We are really excited to launch our second ever article for Polyworld Magazine, and our second celebrating our LGBT+ Community Members for #Pride Month 2021! 🏳️‍🌈💜💚💛💙

Jesper's Bio!

Jesper is a recovering geophysicist that ventured into machine learning based in Edinburgh, Scotland. Jesper's badges include Polymath!! (Go TEAM!! 🥰), Pythonista, Metalhead, Ph.D., Board Gamer and more!



Q: What was your childhood dream job?

A: It was either going to be a mechanical engineer or a game tester. Mechanical Engineer partly because my best friend's father was one, and in part, because I had a slight obsession with Rube Goldberg machines, gears, and computers. And Game Tester, because I loved games and again computers early on and thought it’d be an easy job. I still remember Math Blaster from way back when. Still, this never manifested and is much more work than young me would’ve anticipated.

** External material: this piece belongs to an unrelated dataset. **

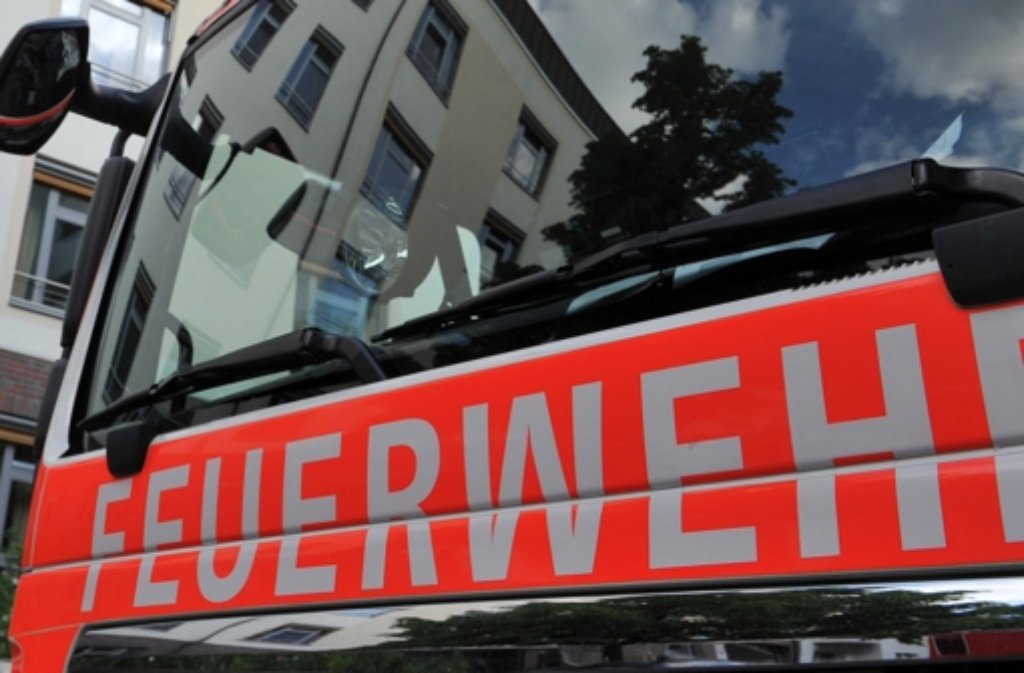 Blaulicht aus der Region Stuttgart: 21. Juli: In Dreifamilienhaus bricht Feuer aus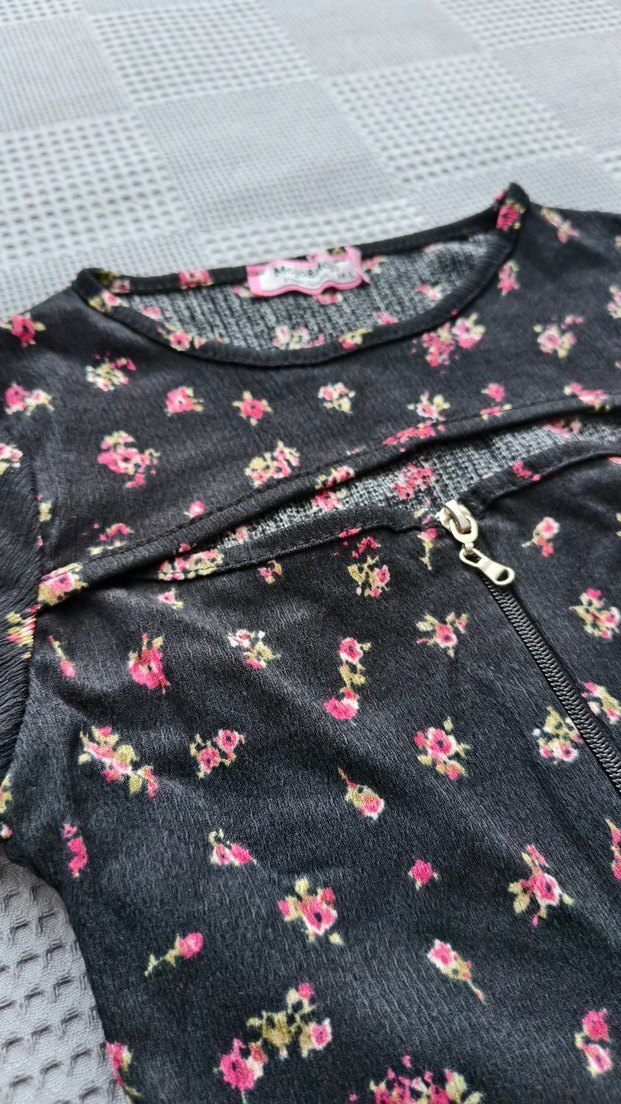 Önden Dekolte ve Fermuarlı Crop/ Büstiyer - Görsel 4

Q: We see you’ve got the Punstoppable badge, what’s your favourite pun? 😅 

A: Some of my favourite jokes in German are “Fusion jokes”, so here goes nothing:

What’s black and white and rocks back and forth? A Swinguin.

Another one you say? What’s yellow and shoots? A Bannon.



Q: What’s the one thing people don’t know about you professionally that you think they should?

A: I still get nervous every time I hit publish, turn on the camera, or step on a stage. Sometimes so much that I can’t sleep. It’s the main reason I’m not more productive as well, that and the perfectionism I still try to get over.


Q: What project are you working on right now that you’re most excited about?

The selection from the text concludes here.